But while these sessions with Zane were producing brilliant pop music, things outside the control room weren't necessarily going smoothly. As much as the group tried to put blinders on and focus on the album, there were plenty of real-life hitches: Zane contracted bronchitis, the weather was bad, the studio's ventilation system broke down. Meanwhile, Angelakos and Donmoyer were sharing a bed in a spare room in a stranger's Lower East Side flat and blowing off steam as much as possible in their spare time. "Shit was just insane," Donmoyer says. "I said some things I wouldn't repeat, but Michael and I are very similar, like twins, so it worked out."
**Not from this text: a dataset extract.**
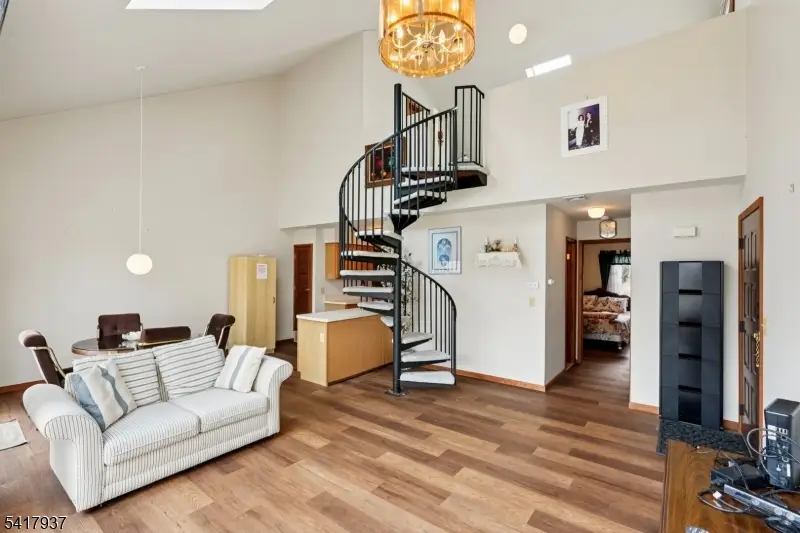 8 Baily Bunion Ct #2, Vernon, NJ 07462 - #3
One low point occurred when the group took a two-day break for Thanksgiving and the band was due to fly back to Boston. When Angelakos reached LaGuardia Airport, he called Zane, frantic. He was about to be arrested because he didn't have enough money to pay his cab fare. "I had to pay $45 to get there, $45 to get back, plus Michael's $45," Zane recalls. "I want to say it's typical, because making records is always intense, but this was pretty extreme." One night, Zane says, he locked all the band members' cell phones and laptops in another room and had it out with them. "I remember saying, 'I'm about to kill you motherfuckers,'" he says. "They would go out and get wasted and come in to the studio hung over, stuff like that. But I eventually realized, they're 21—that's what they do. It's going to be fine."

And, of course, it was. Despite the trials of getting it done, no one involved with making Manners has a single regret, least of all Angelakos, who, by all accounts, has changed dramatically since the sessions started.

"I'm not the most emotionally mature person I know, but that's what really fuels a lot of this record," he says. "This past year saw me in very difficult situations, and I dealt with them accordingly, but I'm self-aware enough to know my shortcomings."

Asked to name one, he hardly hesitates: "I need to grow up."